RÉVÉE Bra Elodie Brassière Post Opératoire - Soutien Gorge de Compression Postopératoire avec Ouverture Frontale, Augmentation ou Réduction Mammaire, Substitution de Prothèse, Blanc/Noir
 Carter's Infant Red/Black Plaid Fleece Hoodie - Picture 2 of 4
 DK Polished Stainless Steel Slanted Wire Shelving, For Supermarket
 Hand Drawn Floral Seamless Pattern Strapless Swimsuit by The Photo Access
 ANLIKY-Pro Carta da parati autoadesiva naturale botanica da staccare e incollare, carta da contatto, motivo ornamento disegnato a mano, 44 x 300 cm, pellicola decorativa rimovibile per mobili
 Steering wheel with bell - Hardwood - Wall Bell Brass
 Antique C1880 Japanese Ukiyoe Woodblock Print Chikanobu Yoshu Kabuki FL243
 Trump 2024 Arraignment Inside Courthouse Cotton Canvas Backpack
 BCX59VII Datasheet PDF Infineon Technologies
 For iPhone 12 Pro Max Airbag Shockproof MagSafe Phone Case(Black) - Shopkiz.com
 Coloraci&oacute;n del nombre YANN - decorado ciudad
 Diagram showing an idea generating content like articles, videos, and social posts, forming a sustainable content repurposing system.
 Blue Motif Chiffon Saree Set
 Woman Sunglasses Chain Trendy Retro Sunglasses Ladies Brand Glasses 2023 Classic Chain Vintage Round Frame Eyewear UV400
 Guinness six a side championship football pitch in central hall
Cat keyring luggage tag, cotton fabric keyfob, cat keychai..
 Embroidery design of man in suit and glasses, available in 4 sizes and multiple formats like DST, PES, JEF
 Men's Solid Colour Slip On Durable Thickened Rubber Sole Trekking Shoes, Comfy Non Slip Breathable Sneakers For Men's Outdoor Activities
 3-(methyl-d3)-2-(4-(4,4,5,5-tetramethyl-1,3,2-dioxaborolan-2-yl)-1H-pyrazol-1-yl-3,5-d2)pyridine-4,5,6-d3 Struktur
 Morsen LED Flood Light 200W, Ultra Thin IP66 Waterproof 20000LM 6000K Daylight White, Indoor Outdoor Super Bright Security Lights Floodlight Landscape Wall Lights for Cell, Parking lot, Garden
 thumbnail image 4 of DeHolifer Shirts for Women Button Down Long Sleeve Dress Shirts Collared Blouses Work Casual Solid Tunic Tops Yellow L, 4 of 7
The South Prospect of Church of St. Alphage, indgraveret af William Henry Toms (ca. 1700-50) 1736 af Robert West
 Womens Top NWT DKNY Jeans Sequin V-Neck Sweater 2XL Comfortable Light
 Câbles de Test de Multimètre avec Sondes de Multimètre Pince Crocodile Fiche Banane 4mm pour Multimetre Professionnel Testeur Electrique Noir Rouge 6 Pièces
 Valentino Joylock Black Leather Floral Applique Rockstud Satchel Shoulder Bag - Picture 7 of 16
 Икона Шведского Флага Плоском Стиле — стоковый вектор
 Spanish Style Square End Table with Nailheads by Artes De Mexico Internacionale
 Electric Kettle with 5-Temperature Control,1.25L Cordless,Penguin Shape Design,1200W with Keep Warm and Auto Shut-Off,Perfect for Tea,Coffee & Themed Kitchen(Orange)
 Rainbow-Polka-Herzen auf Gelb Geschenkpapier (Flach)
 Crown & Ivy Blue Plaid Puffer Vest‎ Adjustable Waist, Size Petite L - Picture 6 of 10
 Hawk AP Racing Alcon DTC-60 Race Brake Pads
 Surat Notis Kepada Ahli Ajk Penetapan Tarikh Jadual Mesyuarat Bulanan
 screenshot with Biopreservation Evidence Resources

Your task: Look through the records and gather every line containing "Black".

Exercise solution:
 Carter's Infant Red/Black Plaid Fleece Hoodie - Picture 2 of 4
 For iPhone 12 Pro Max Airbag Shockproof MagSafe Phone Case(Black) - Shopkiz.com
 Valentino Joylock Black Leather Floral Applique Rockstud Satchel Shoulder Bag - Picture 7 of 16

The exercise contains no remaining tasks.